Last Night in Soho est prenant et haletant. On ne veut pas que le film se termine mais tout de même, on a qu’une envie : savoir le fin mot de l’histoire et découvrir où veut nous emmener le réalisateur, si ce n’est en enfer… Mais Edgar Wright veut brouiller les pistes et nous surprendre. Et pour ce faire, il enchaîne les rebondissements. Et ça fonctionne.
Quant à l’horreur, elle est bel et bien là mais sans en faire trop. Chaque sursaut est bien amené et les screamers ne sont pas là juste pour être là, disons. L’équilibre est parfait. Et si certaines scènes nous ont glacé le sang, nous sommes plus dérangés et mal à l’aise que véritablement terrifiés.
Bien évidemment, Last Night in Soho n’est pas exempt de défauts. On peut notamment lui reprocher quelques incohérences, notamment Ellie qui peut se retrouver en plein milieu des Swinging Sixties sans aucune explication ou lors d’une des dernières scènes dans la vieille maison, ou encore quelques clichés comme les étudiantes populaires méchantes qui s’en prennent à la pauvre petite provinciale innocente. Après une montée saisissante, la fin arrive et retombe un peu comme un soufflé. De quoi nous laisser perplexes, et c’est sûrement ce qui est le plus dommage après nous avoir tant captivés.

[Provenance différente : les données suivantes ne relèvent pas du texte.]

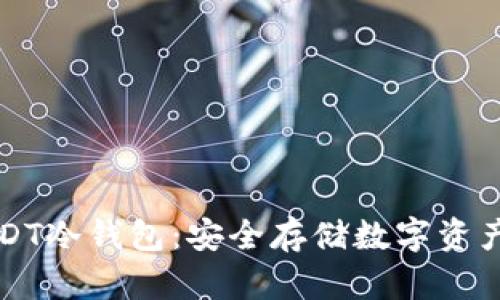 如何制作USDT冷钱包：安全存储数字资产的终极指南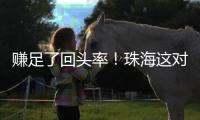 赚足了回头率！珠海这对新人�，坐公交车迎亲！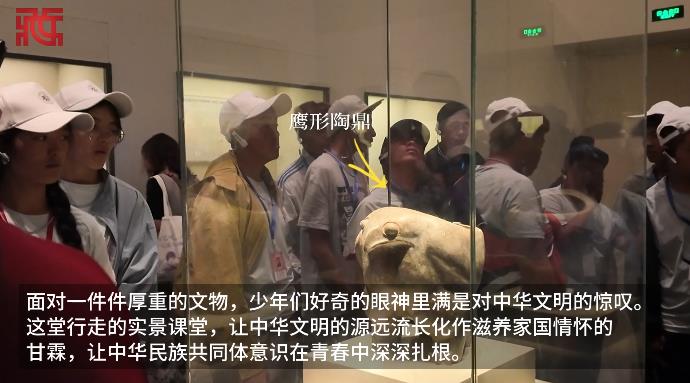 【山河同脉】国博奇妙游，阿坝少年来啦！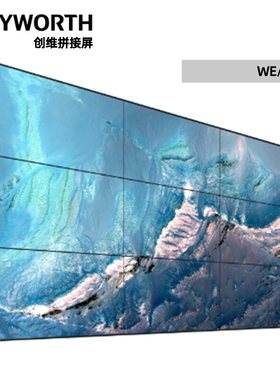 创维拼接屏WE46 55LC LB NA AI ADZ46 55E RGO-DS UX LB商用液晶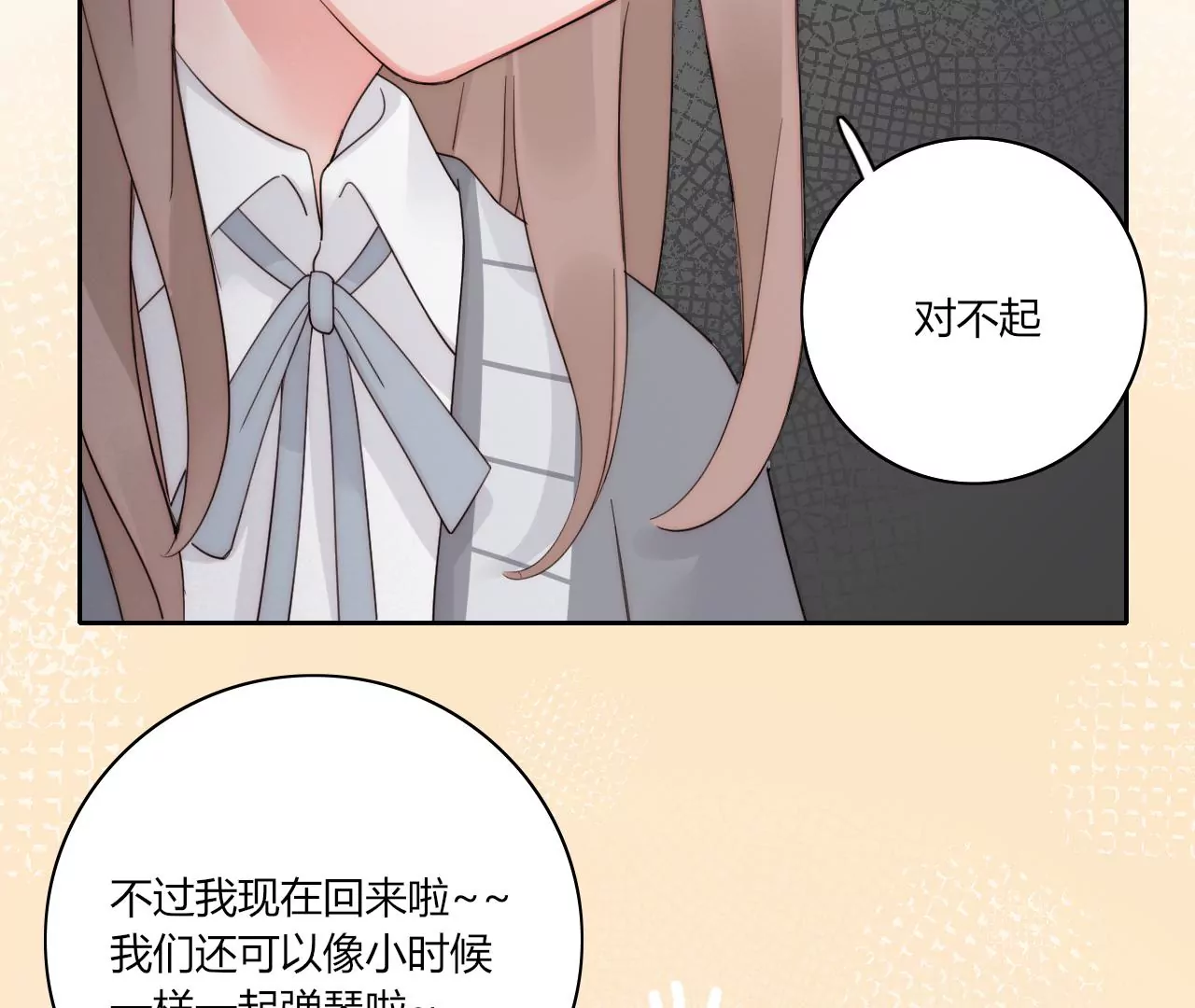 三个人的电影院（上）47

Faut-il aller voir Last Night in Soho ?
Pendant 1h57, le film a réussi à nous tenir en haleine, à nous surprendre, à nous effrayer. Certains rebondissements sont peut-être prévisibles mais Last Night in Soho est tellement saisissant qu’on ne les voit pas forcément venir. Si le scénario est fascinant, c’est la photographie et la mise en scène, sublimes, qu’il faut souligner. Enfin, porté par un casting incroyable, très féminin et ça fait du bien, le dernier film d’Edgar Wright vaut le détour en dépit de quelques faiblesses (qu’on lui pardonne volontiers !).